→ Exercise details: All that is wanted is the line with "a bedroom with" and each line after it to the end of the data below, set down exactly and without pictures.

Segment Start: Data shown

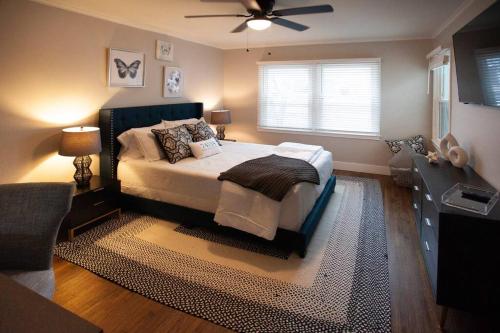 Un dormitorio con una cama y un ventilador de techo. en The Midtown Gem, en Tulsa
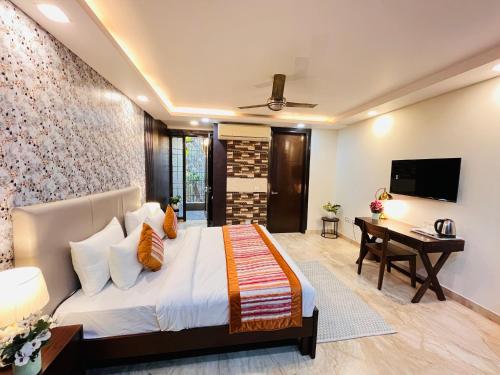 a bedroom with a bed and a desk and a television at South Haven Residency - South Extension South Delhi in New Delhi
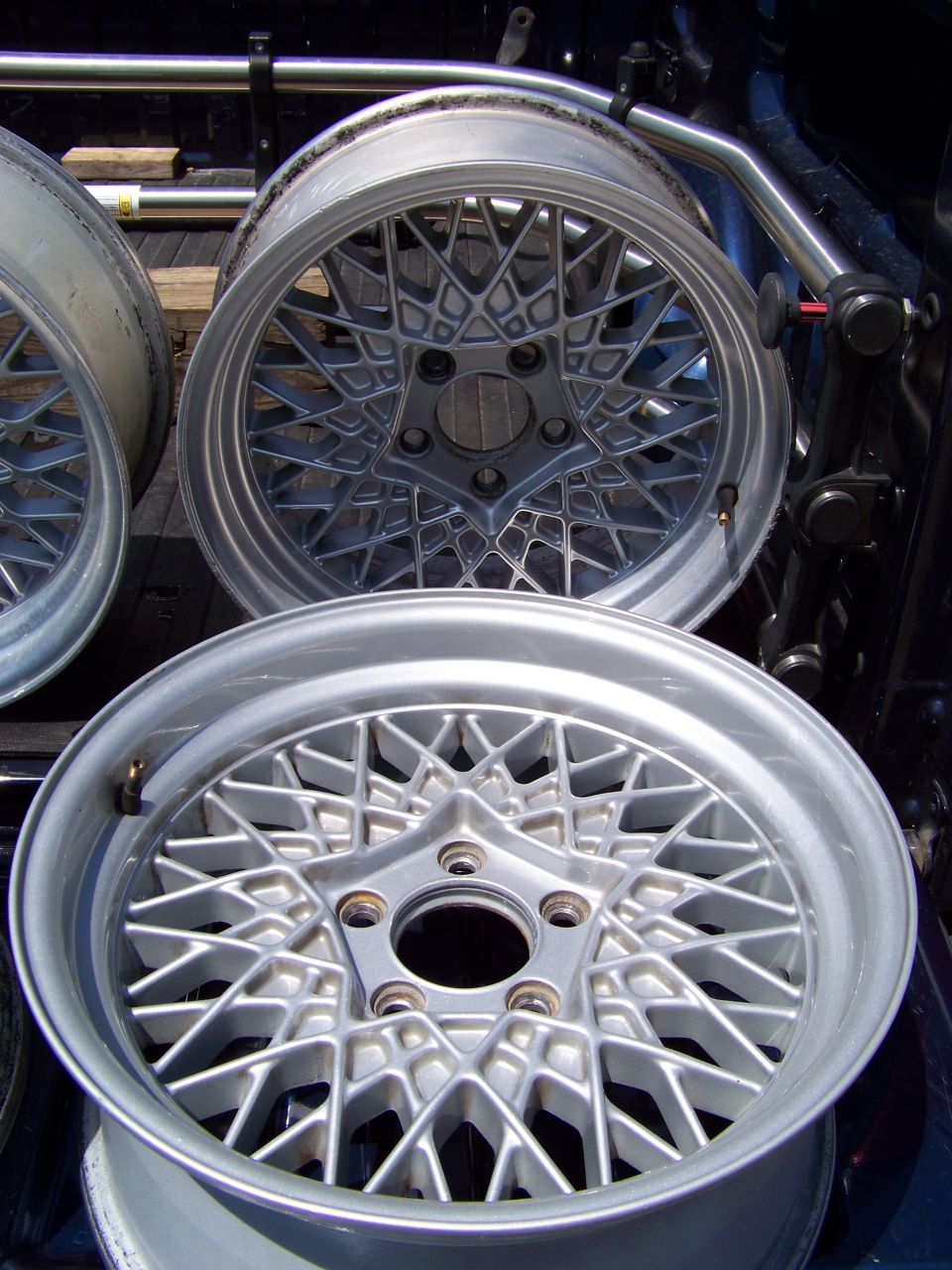 Silver wire wheels with a starburst pattern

Segment End: Data shown

→ Reply to the exercise:
 a bedroom with a bed and a desk and a television at South Haven Residency - South Extension South Delhi in New Delhi
 Silver wire wheels with a starburst pattern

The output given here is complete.